*Data shown*:
= Beginning of Section =
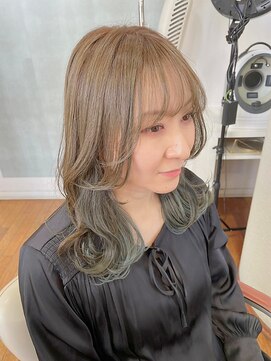 イーストハムヘッドショップ(EAST HAM head shop) 透明感くすみカラー/インナーカラー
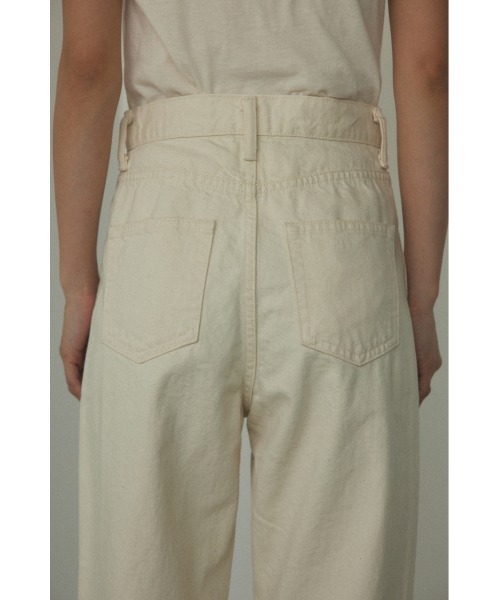 BLACK BY MOUSSY（ブラックバイマウジー）の「CAW white denim（カウホワイトデニム）（デニムパンツ・レディース・ホワイト・25inch/24inch/23inch/26inch）」の7枚目の写真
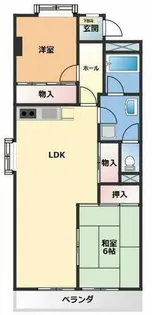 OS・SKYマンション植田南【3階】の間取り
= End of Section =
*Work item*: What is needed here is an exact repetition of the listing above, pictures excluded.

*Worked solution*:
 イーストハムヘッドショップ(EAST HAM head shop) 透明感くすみカラー/インナーカラー
 BLACK BY MOUSSY（ブラックバイマウジー）の「CAW white denim（カウホワイトデニム）（デニムパンツ・レディース・ホワイト・25inch/24inch/23inch/26inch）」の7枚目の写真
 OS・SKYマンション植田南【3階】の間取り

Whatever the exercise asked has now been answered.